El ojo en la pantalla (y 3)
En ciertos casos, la mejor relación con la tecnología es aquella que no se da. Cuando la toxicidad tecnológica –llamémosle tecnotoxicidad, tecnoalergia– ha alcanzado grados ambiguos, se precisa de un cierto grado de renuncia en el sentido ya casi abacial del término. Esto supone crear espacios libres de tecnología como hoy los hay libres del cigarro. Una nueva forma de activismo que promueva enfoques de abstinencia si ello resultase necesario (y lo es: tantos casos perdidos, absorbidos como autistas por los pixeles en fuga). Por lo menos, crear escenarios de sobriedad consistentes, y una especie de dieta tecnológica: poner límites. Decisión radical en pos del bienestar y de la regeneración de la presencia, que nuestras computadoras y pantallas nos han quitado.
Todo ello sin crear una nostalgia o una modalidad de hipismo pretecnológico. No es cuestión de evadir las responsabilidades de nuestra ya adquirida naturaleza androidal. A lo que se apunta es a generar comunidades conscientes de usuarios. En esta dirección –la de asumir una relación despierta con la tecnología– la conferencia Wisdom 2.0 ha dado un salto fulminante.
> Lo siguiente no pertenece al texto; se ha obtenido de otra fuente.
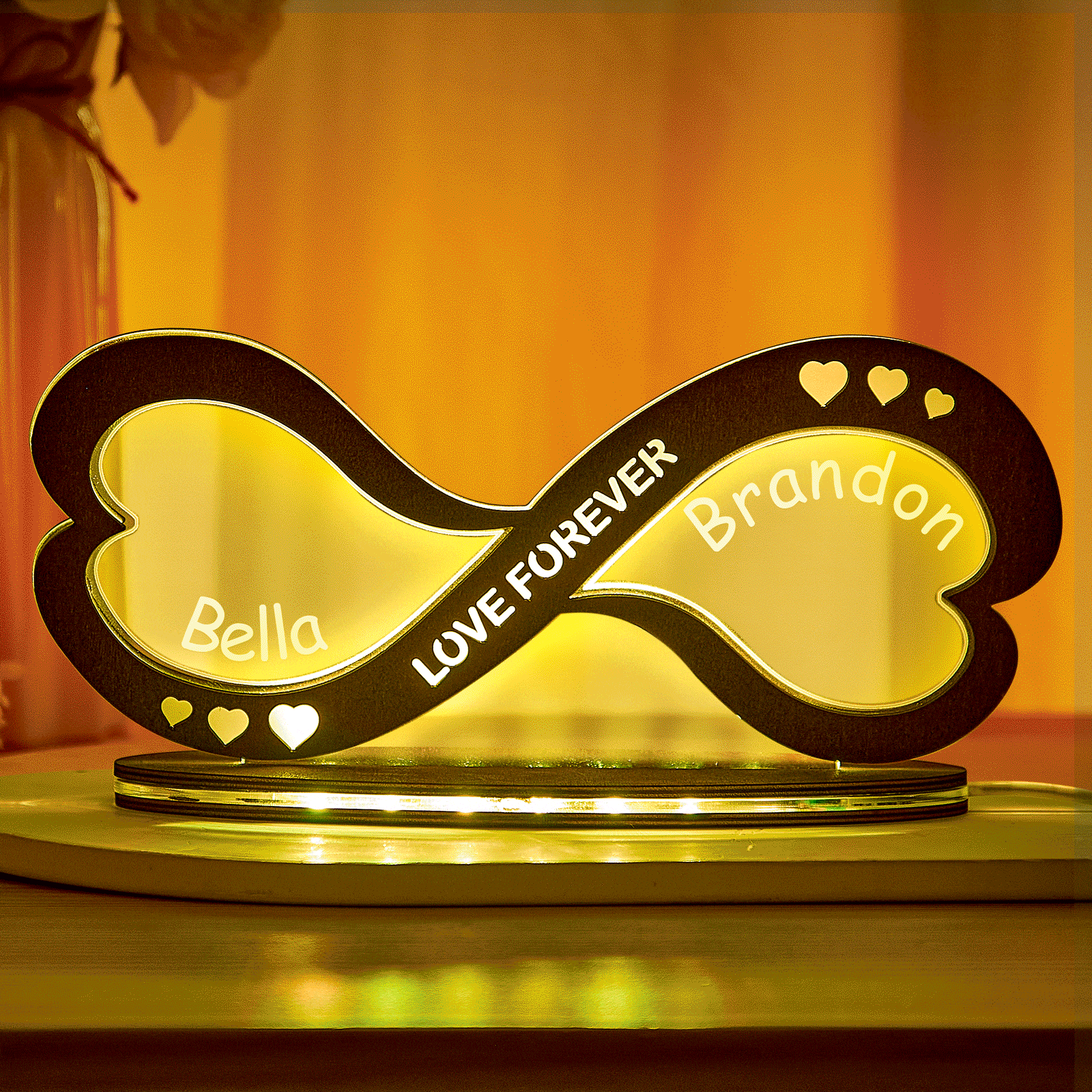 Custom Couple Names Acrylic Lamp Home Decor Personalized Infinity Symbol Wooden Night Light Anniversary Gifts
Inició hace aproximadamente un año en Sillicon Valley, con “líderes de la tecnologia, maestros zen, neurocientíficos, y académicos para explorar cómo podemos vivir con significado y sabiduría más profundos en este rica era tecnológica”. Se agrega, en el sitio web, que el reto consiste en vivir conectados de formas que promuevan nuestro bienestar, que sean efectivos en nuestro trabajo, y útiles al mundo. A finales de este mes se celebra una nueva edición de la conferencia.
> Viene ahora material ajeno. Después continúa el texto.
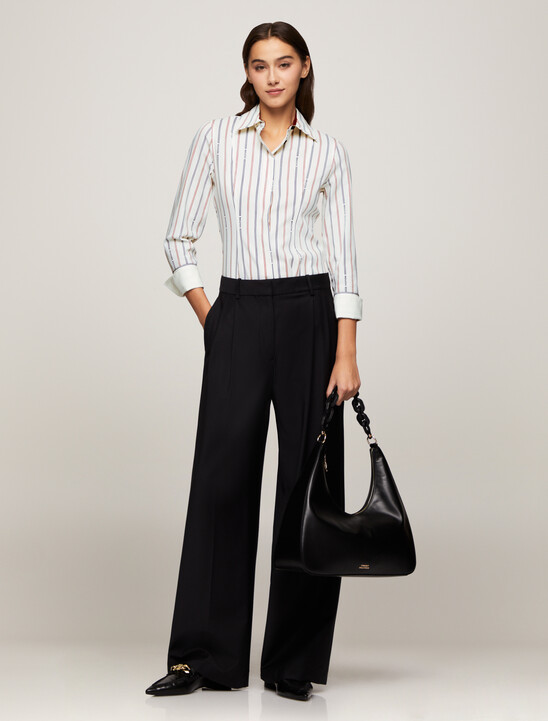 Asia Fit Logo Stripe Slim Shirt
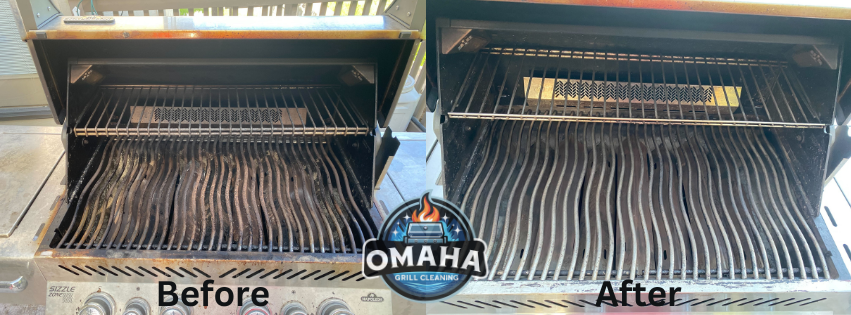 Before and after of grill #2 cleaned by Omaha Grill Cleaning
Como yo lo veo, no hay por qué darle todo nuestro poder al ojo en la pantalla. No debemos olvidar al fin ese –otro– ojo que existe conciencia adentro, y de donde todo –es decir: satélites, mensajes de texto, consolas pórtatiles, smartphones, energía fotovoltaica, servicios de GPS, streaming, metaversos, y lo que ustedes quieran– ha emanado.